■ Exercise data ■
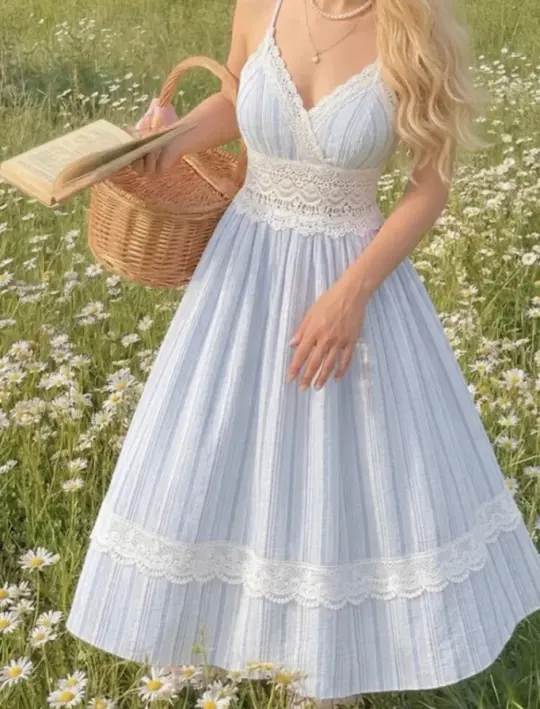 Hazy Pale Blue Prom Gown , Striped Lace Trim Corset Midi Summer Dress RS1503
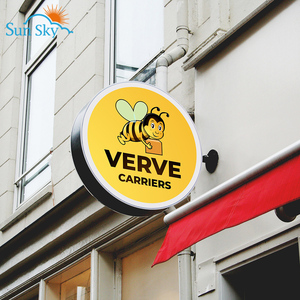 Ngoài trời Acrylic vòng tròn sáng hộp đèn quảng cáo cửa hàng dẫn ánh sáng Hộp signage - Product Image 4
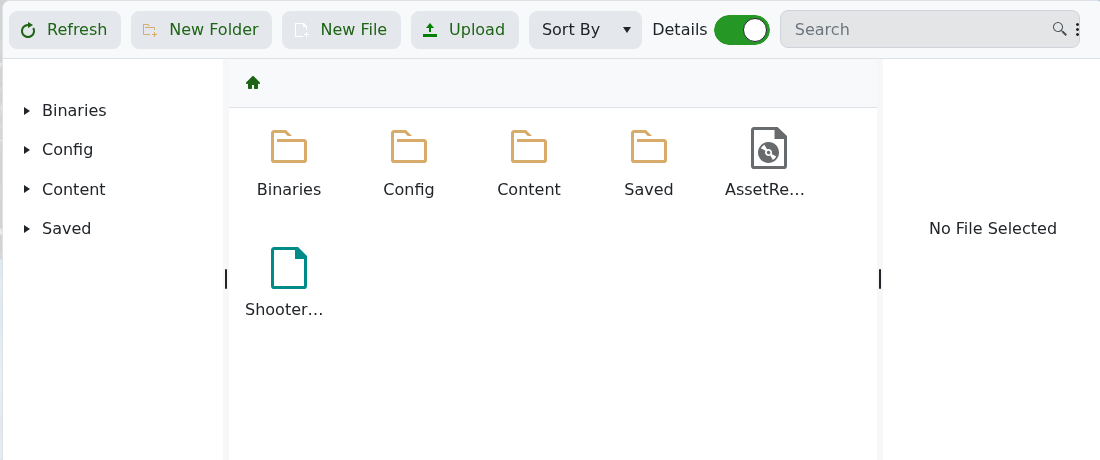 ARK File Manager root showing Saved folder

■ What you are asked to do ■
Write out the material exactly, excluding pictures.

■ Written response ■
 Hazy Pale Blue Prom Gown , Striped Lace Trim Corset Midi Summer Dress RS1503
 Ngoài trời Acrylic vòng tròn sáng hộp đèn quảng cáo cửa hàng dẫn ánh sáng Hộp signage - Product Image 4
 ARK File Manager root showing Saved folder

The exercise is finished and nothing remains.